SIMPANLAH LUKA
PADA TEMPATNYA
Suara bel
berbunyi tanda pembelajaran telah usai.
Anak-anak putih abu berhamburan keluar dari kelasnya masing-masing. Panasnya
matahari tak menyurutkan langkah mereka menuju halte penantian bus dan angkot yang berada di luar sekolah,
termasuk aku di dalamnya.
“Yul, … Yulia ...
mau kemana buru-buru amat, “Tanya Sri.
“Aduh, maaf Sri
hari ini jadwalku les Komputer jam 2. Sekarang aja udah setengah dua, takut
ketinggalan, apalagi angkot kesanakan rebutan, “jawabku berteriak sambil terus berlari.
Aku Yuliawati,
anak SMK jurusan Bisnis manajemen yang cukup dikenal di sekolah karena aktif di
berbagai organisasi antara lain OSIS,
Pramuka dan PMR. Namun, dari ketiga
ekschool itu, aku lebih focus ke pramuka karena menjabat sebagai ketua pramuka di kabupaten Kuningan. Sekolahku diapit oleh
dua sekolah yaitu SMAN 4 Kuningan dan SMKN Pertanian. Namun banyak anak-anak Mesin
yang suka nongkrong ngecengin anak-anak Manajemen, mungkin karena disini lebih banyak ceweknya.
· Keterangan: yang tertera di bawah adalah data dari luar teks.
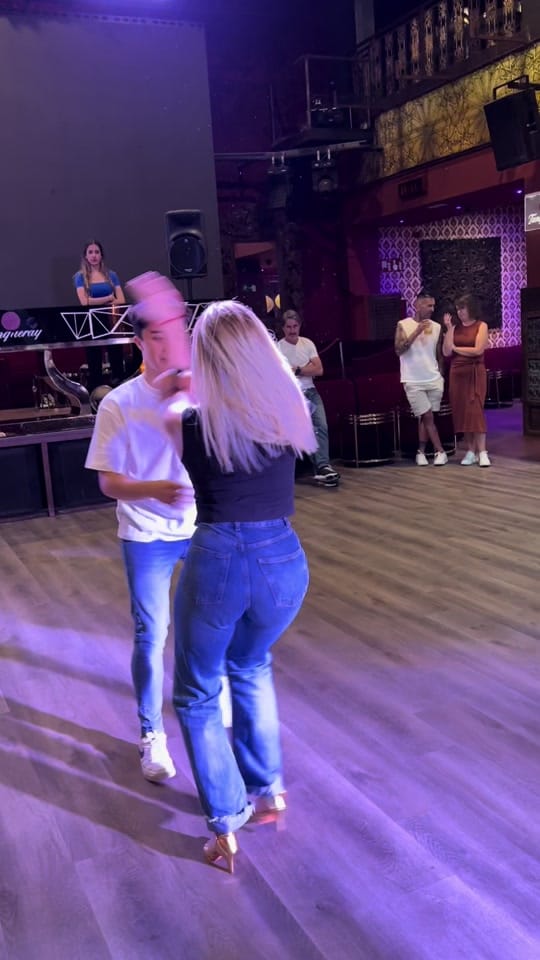 Post 4 by Alvaro y Ruth on TikTok (video)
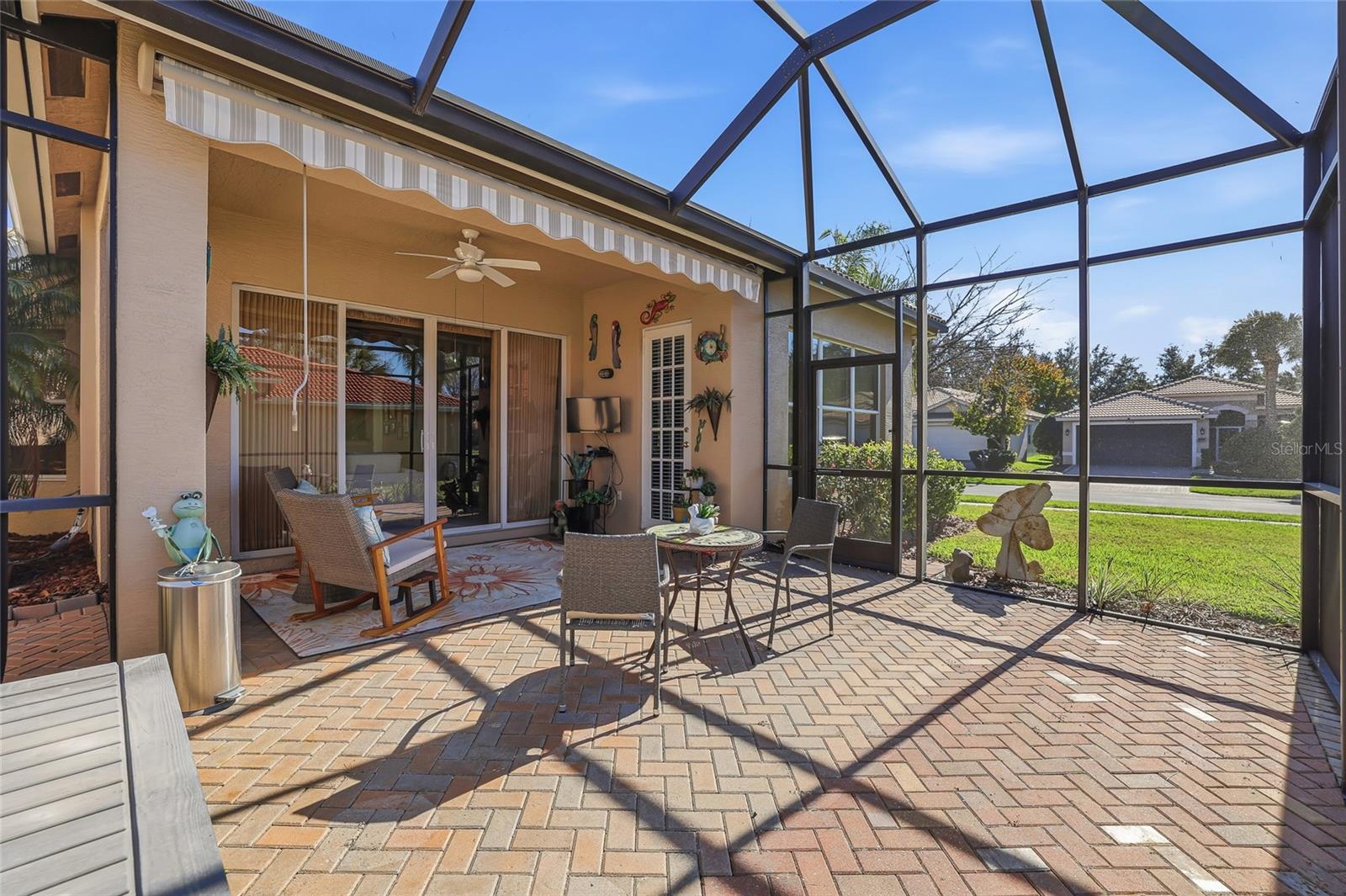 VALENCIA LAKES PH 02 - Residential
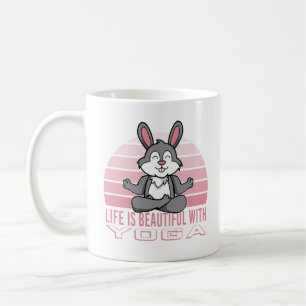 Taza De Café Conejo divertido y lindo haciendo yoga. posturas d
“Yulia……kemana, “ Tanya teman-temanku
“Biasa, dah ada
janji, “jawabku sambil tersenyum genit.
Pemandangan
seperti ini sudah biasa dilihat teman-temanku, karena memang walau banyak yang
suka godain aku, aku cuex saja, karena aku bukan type cewek yang seneng
menghabiskan waktuku untuk sekedar nongkrong dan kumpul dengan teman-teman.
Kegiatanku padat, karena sebagai senior, kadang harus melatih junior-juniorku
di sekolah, belum lagi di Kwarcab kadang ada rapat-rapat ke propinsi. Jadi bisa
dibilang, aku siswa yang focus belajar dan aktivitas sekolah. Namun hari ini, jadwalku
kursus komputer. Aku kursus 2x dalam seminggu yaitu Senin dan Rabu. Karena hari
itu aku jarang ada kegiatan ekschool.
Sudah ada dua bulan,
ada seorang anak mesin yang terus mengikutiku. Dia membawa motor. Berulangkali
dia tawarkan diri untuk bisa mengantarkanku pulang atau ketempat kegiatanku.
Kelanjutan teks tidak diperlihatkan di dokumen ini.